Nouvel itinéraire piéton de trois cent cinquante mètres, la Promenade des Jardins mène du centre-ville aux environs du Pont de Sèvres, en ménageant des échappées visuelles sur le patrimoine environnant.
Dans cette Grande Rue de Sèvres, l’étroit cheminement le long de murs aveugles incitait jusqu’ici le piéton à changer de trottoir. « Nous avons souhaité créer une promenade publique, entre le Domaine national de Saint-Cloud et la Cité de la Céramique en passant par le Jardin des métiers d’Art et du Design, dernier-né des équipements culturels départementaux », souligne le président du Département, Georges Siffredi. En bordure d’une route départementale et de deux Domaines nationaux, le projet a su s’accommoder et même jouer d’un profil tout en longueur par de multiples échappées visuelles. « Pour sortir d’une configuration en couloir, nous avons développé des filtres, des porosités qui élargissent le champ de vision », explique Vincent Rieusset, paysagiste-concepteur à l’agence Toporama. Il a fallu pour cela un habile remaniement des murs, remplacés pour les plus dégradés, abaissés ou restaurés en hauteur avec du calcaire de Saint-Maximin, sous la supervision des Monuments historiques.
Murs et parvis
Le pavillon du mail, situé sur le Domaine national de Saint-Cloud, est le point de départ de cet itinéraire en trois temps possédant chacun son identité propre. « La promenade n’est pas monotone, précise le paysagiste. Elle s’adresse tantôt à la rue, tantôt aux Domaines, tantôt aux deux côtés. » Dans la première séquence, des grilles donnent sur la Grande Rue et sur les serres où étaient déjà cultivées des fleurs du temps de Marie-Antoinette. Depuis ce fond de vallon, les perspectives ont été rétablies sur le coteau boisé du parc de Saint-Cloud. Passé le porche du Jardin des métiers d’Art et du Design (JAD), vient un parvis ouvert sur la ville et sur plusieurs bâtiments classés, en particulier l’ancienne École nationale de la céramique dessinée dans les années 1930 par Michel Roux-Spitz, dont une partie accueille depuis septembre 2022 les artisans d’art et designers du JAD. Enfin vient la dernière partie jusqu’aux environs du Pont de Sèvres. Là, les murs en pierre blonde réapparaissent, surmontés de grilles laissant entrevoir l’ancien jardin du directeur de la Manufacture et ses arbres centenaires.

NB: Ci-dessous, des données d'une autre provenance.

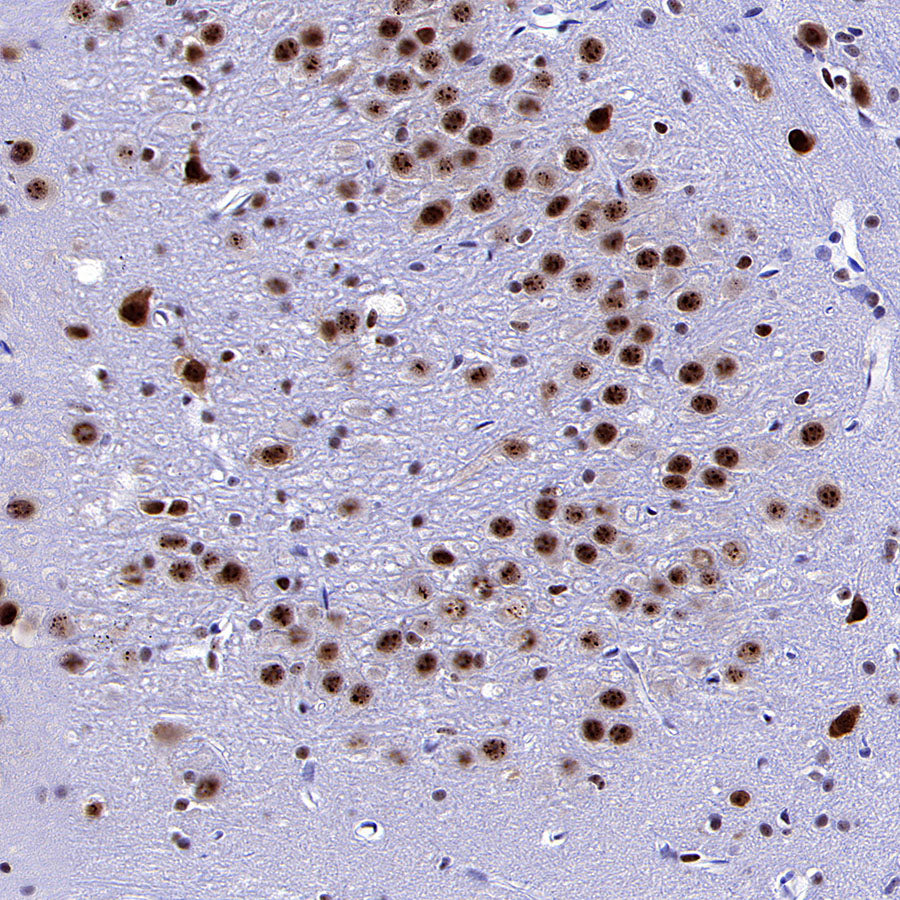NOVA1 Recombinant Rabbit mAb (S-4031-71)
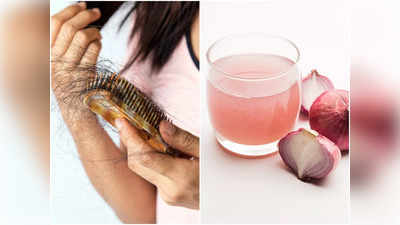Onion Oil For Hair: পেঁয়াজের তেল মাখলে ১ সপ্তাহেই বন্ধ হয় চুল পড়া! জেনে নিন বাড়িতে কীভাবে বানাবেন, খরচ মাত্র ৩০ টাকা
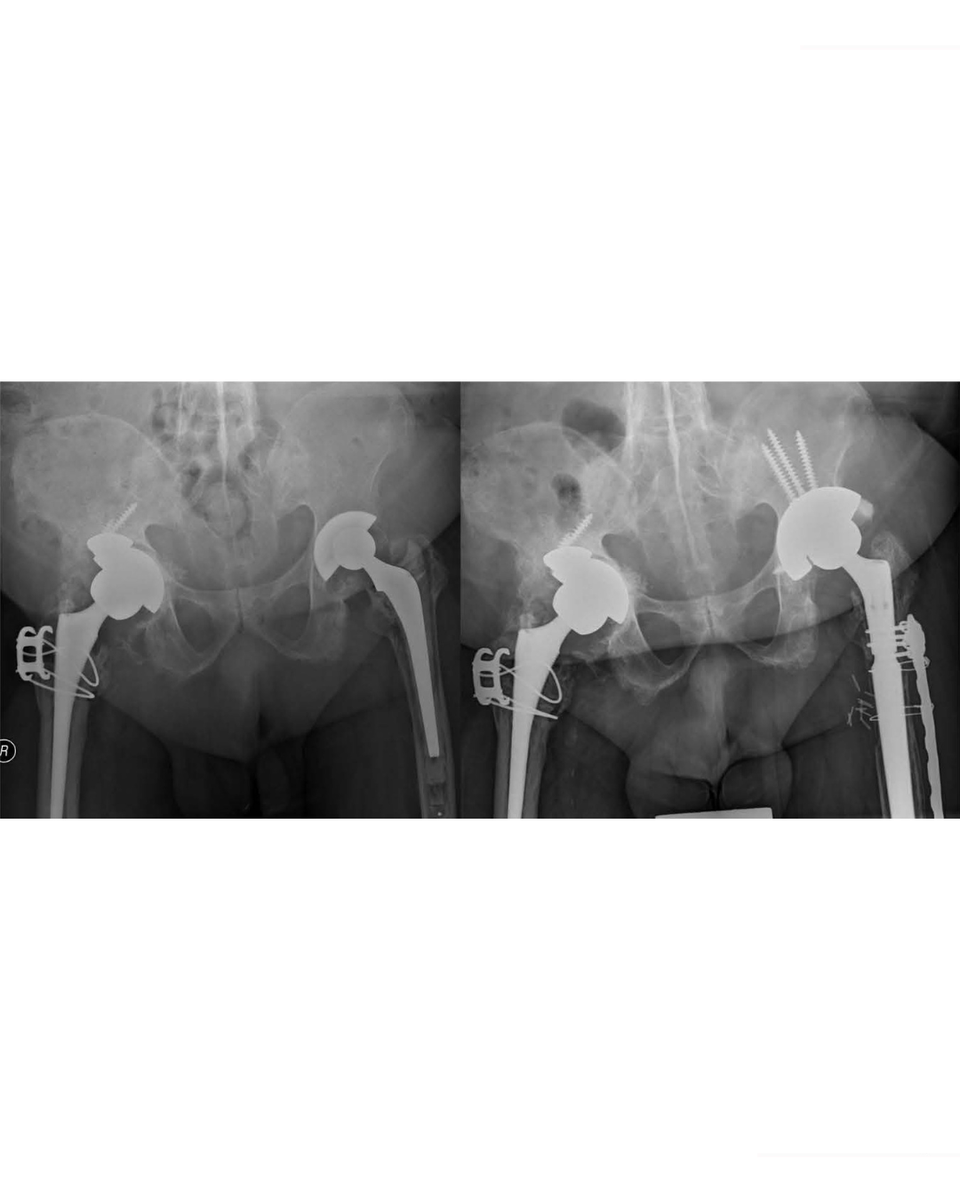 Bone & Joint Open (@bonejointopen) on Twitter photo This study provides evidence of excellent long-term survival of cementless components without screw holes. Immediate postoperative weightbearing did not lead to component migration in the long term.
#BJO #HipArthroplasty #Weightbearing #FOAMed <a href="/LCMLau/">Lawrence Lau</a>
ow.ly/RM1P50VMk7j This study provides evidence of excellent long-term survival of cementless components without screw holes. Immediate postoperative weightbearing did not lead to component migration in the long term.
#BJO #HipArthroplasty #Weightbearing #FOAMed <a href="/LCMLau/">Lawrence Lau</a>
ow.ly/RM1P50VMk7j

Le projet a su jouer d’un profil tout en longueur par de multiples échappées visuelles.
Collection végétale
Le parti pris patrimonial se manifeste jusque dans les revêtements de sol, pour lesquels ont été retenus des pavés en grès de Fontainebleau issus du réemploi. Ces derniers sont jointoyés de gazon du côté des Domaines, ce qui favorise l’infiltration des eaux à la parcelle et met une touche de vert supplémentaire.
Les plantations ont, quant à elles, été pensées dans un esprit de « collection horticole ». « C’est un écho à la production ornementale de la parcelle du fleuriste et au jardin du directeur qui possédait des végétaux exotiques pour l’époque », explique Vincent Rieusset. Le choix s’est porté sur des magnolias, dont les fleurs délicates ouvrent le bal du printemps et, à leur pied, sur des hydrangeas (ou hortensias) dont les pompons se colorent de bleu, de blanc et de rose de juin à septembre. « Leur système racinaire était compatible avec la promenade et ils réclament peu d’entretien. La fleur peut rester en place, se délaver puis sécher avant d’être coupée à la fin de l’hiver. » Ces végétaux déclinés en une trentaine de variétés différentes sont, en outre, peu ou pas allergènes.
Nuances XXL
En toute saison, la promenade arbore ses œuvres d’art, à commencer par trois représentations de femmes réalisées par Achiam, sculpteur franco-israélien ayant vécu à Sèvres, échelonnées dans la partie haute : La Tendresse et La Femme assise, en bronze, La Mère à l’Enfant, en serpentine du Queyras. La famille de l’artiste en avait fait don à la ville. À mi-chemin, transparaît au fond d’un miroir d’eau cerné de bosquets et de bancs généreux, La Menteuse, mosaïque constituée de 192 plaques de grés colorées, produit du savoir-faire de la Manufacture voisine. Son nom fait référence aux procédés de cuisson par grand feu qui agissent sur la chimie des couleurs. Dans cette reproduction XXL du nuancier utilisé en atelier, le bleu de Sèvres côtoie le rose Pompadour, le vert Vincennes ou l’orange Sottsass, couleurs immergées sous une fine lame d’eau où la lumière, le vent et la pluie tracent leurs propres motifs. En l’espace de 350 mètres, la déambulation ouvre ainsi de multiples fenêtres sur l’art et l’artisanat, l’architecture et le grand paysage.